Jadi jika kalian mau bilang “Iyaaaa… ini diharamkan karena tidak sehat.” Errrr…. Mungkin alasan itu sudah tidak mutu lagi. Sorry to hurt you, guys.

Atau jika mau berdalih “Kalau kebanyakan itu bisa berbahaya buat kesehatan” yah kalau itu sih, kita kebanyakan minum air putih juga bisa mati karena Hiponatraemia. So many ways to sick and die, gak perlu capek dengan minum khamr atau olahan daging babi.

Maka kembali pada kesimpulan teman-teman saya: It is a matter of COMMITMENT. Sudah memilih Muslim maka turuti aturan mainnya. Dan untuk saat ini mungkin ini alasan paling masuk akal yang bisa kita lempar ketika ada yang bertanya.

 Dari Sudut Pandang Ekonomi
“Ok, jadi mon… daging halal itu lebih murah dari yang non-halal” kata seorang teman yang pernah berusahan menjelaskan hal ini di depan saya. Dia lupa, saya ini seorang: ekonom :’)
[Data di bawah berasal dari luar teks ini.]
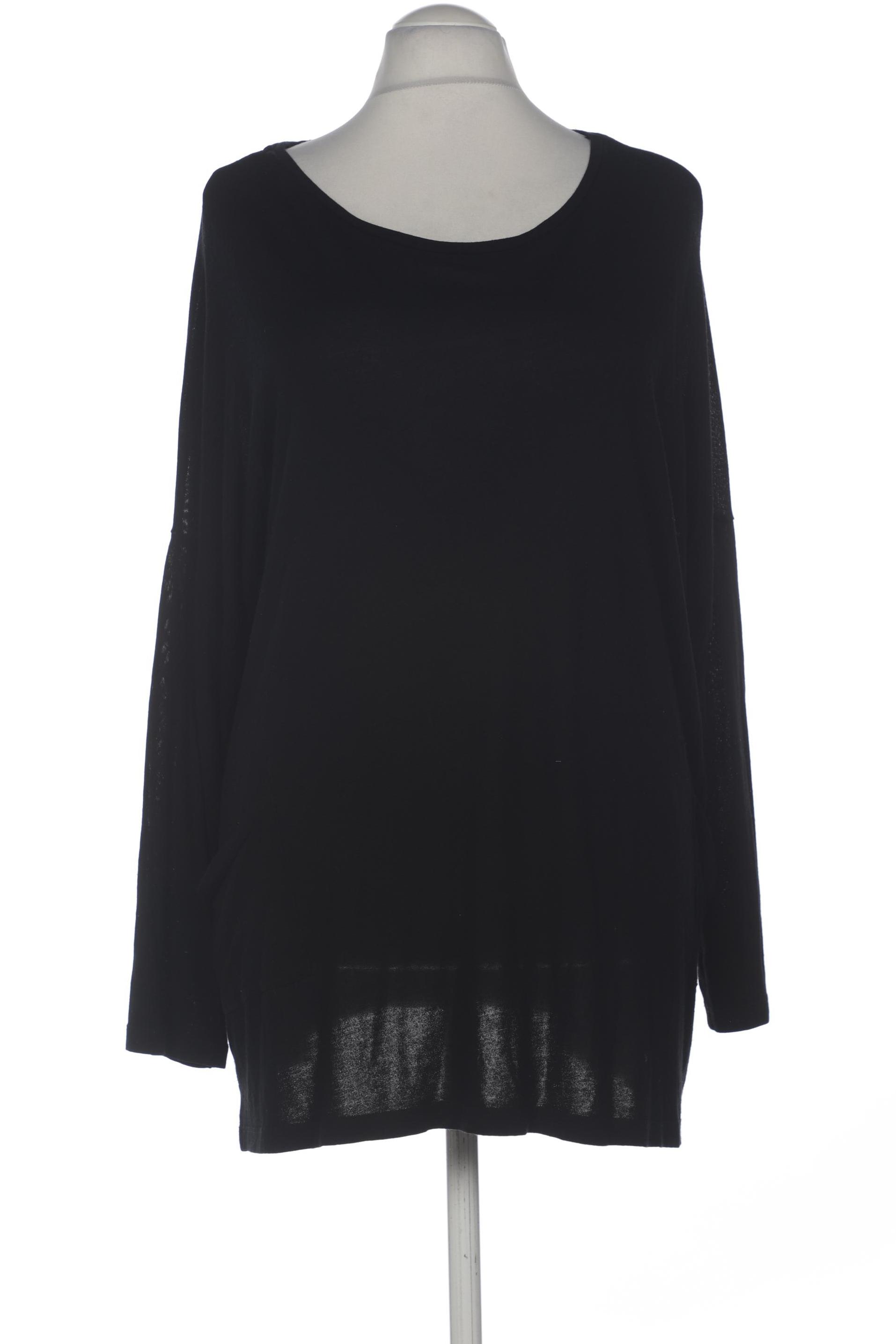 

Sara Lindholm Damen Langarmshirt, schwarz, Gr. 56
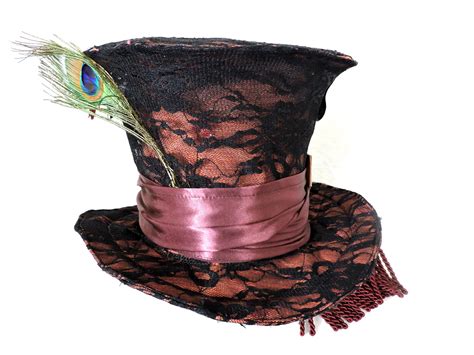Alice In Wonderland Mad Hatter Hat Original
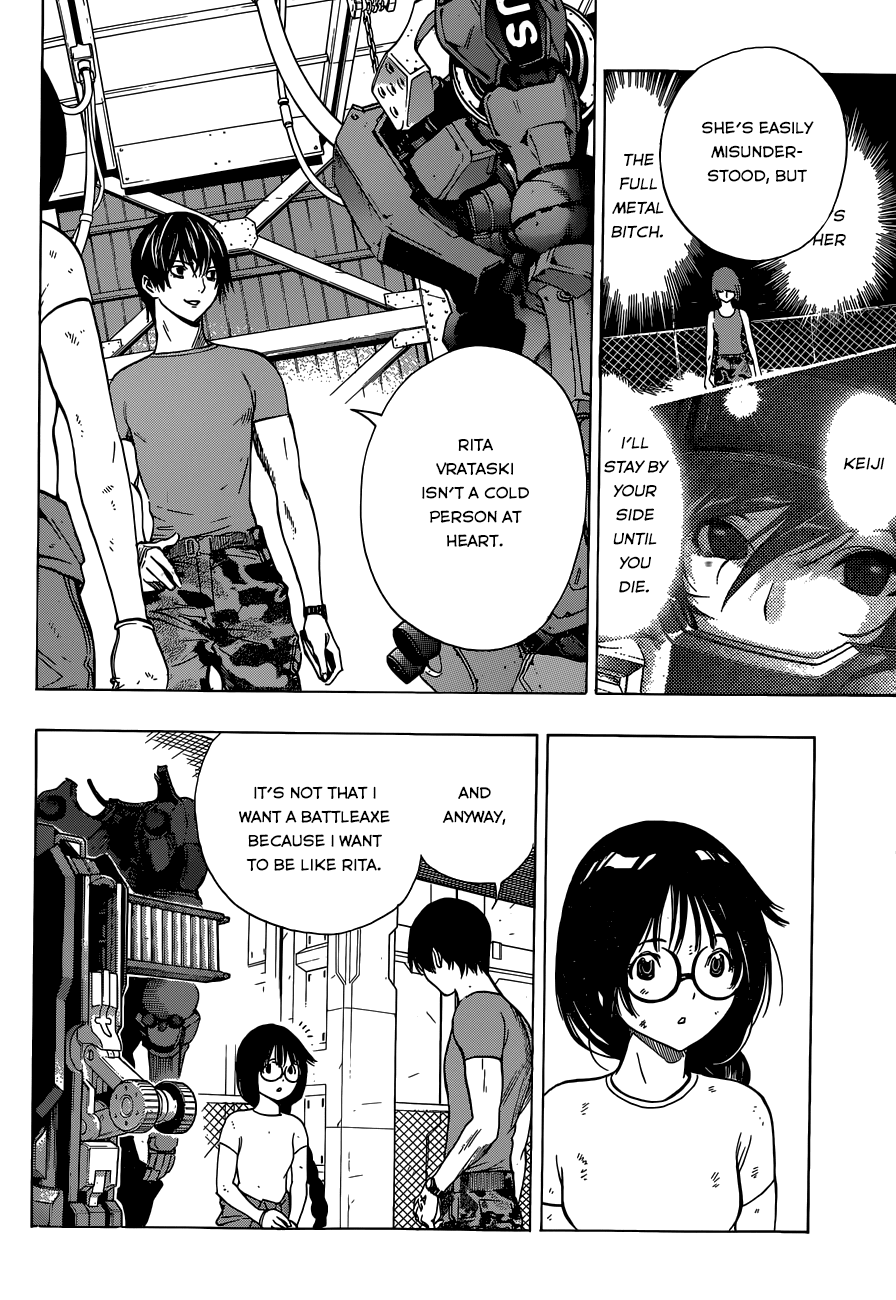All You Need Is Kill Chapter 4 page 12 - Chapter 4: Battleaxe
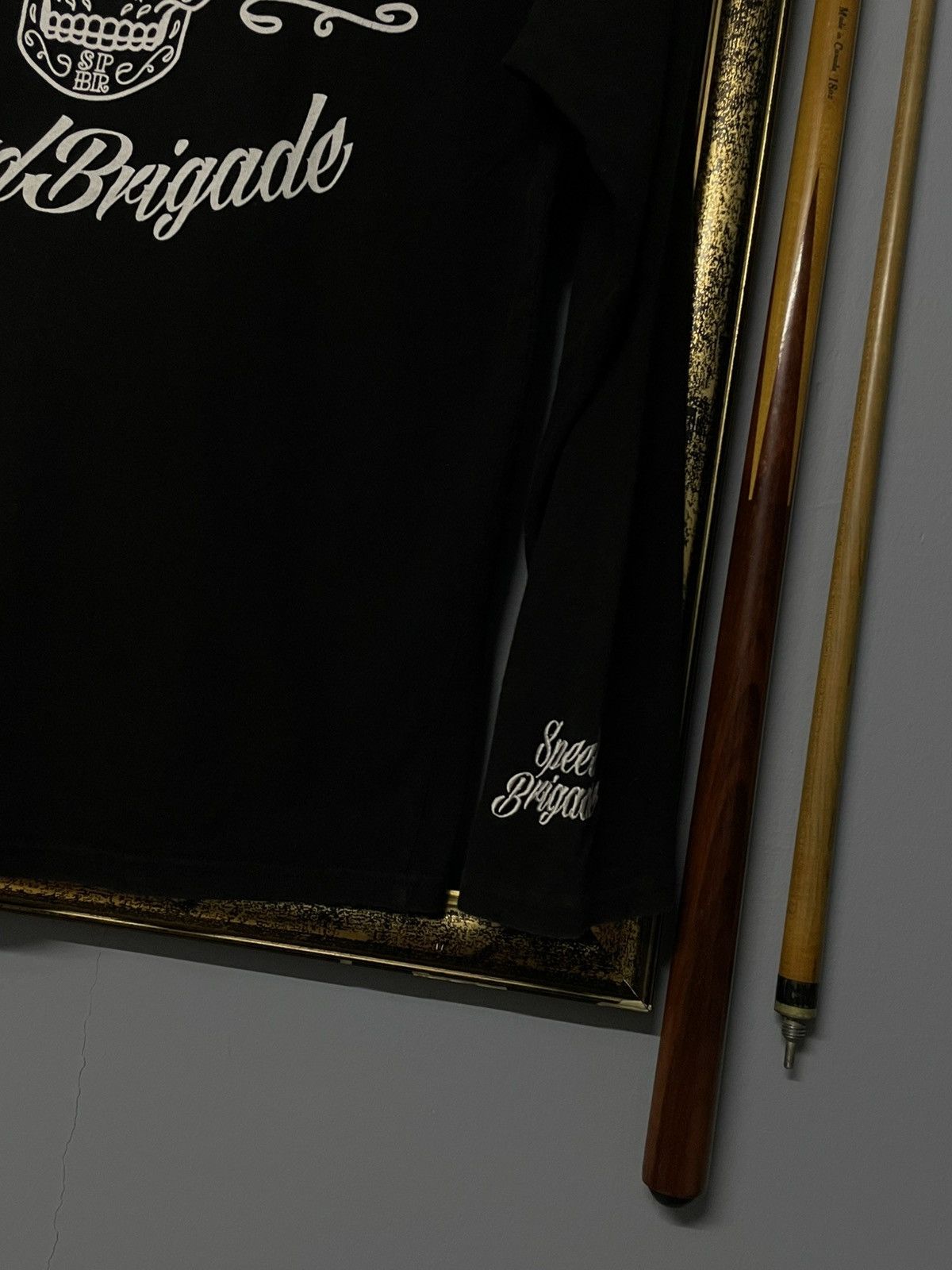 Japanese Brand Vintage Japan Designer Speed Brigade The Custom Built Skull Size US M / EU 48-50 / 2 - 3 Thumbnail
Kalau minuman, oke lah ya. Minuman beralkohol kan prosesnya lebih panjang dibandingkan yang non-alkohol. Jadi well… make sense.

Tapi daging?
Where? Where you bought your meat? Ya daging ayam halal memang lebih murah daripada yang non-halal, di INDONESIA. Kenapa? Karena supplynya lebih banyak. Ini kan perkara kasus supply demand aja. Di negara Muslim, semua slaughterhouse akan menyembelih hewannya dengan cara yang “halal” sedangkan yang non-halal mungkin dia punya metode pemotongan yang lebih cepat, mesin jagal atau bahkan yang kejam seperti di listrik dsb, itu akan butuh capital cost yang lebih mahal. Nah, iki bener iki!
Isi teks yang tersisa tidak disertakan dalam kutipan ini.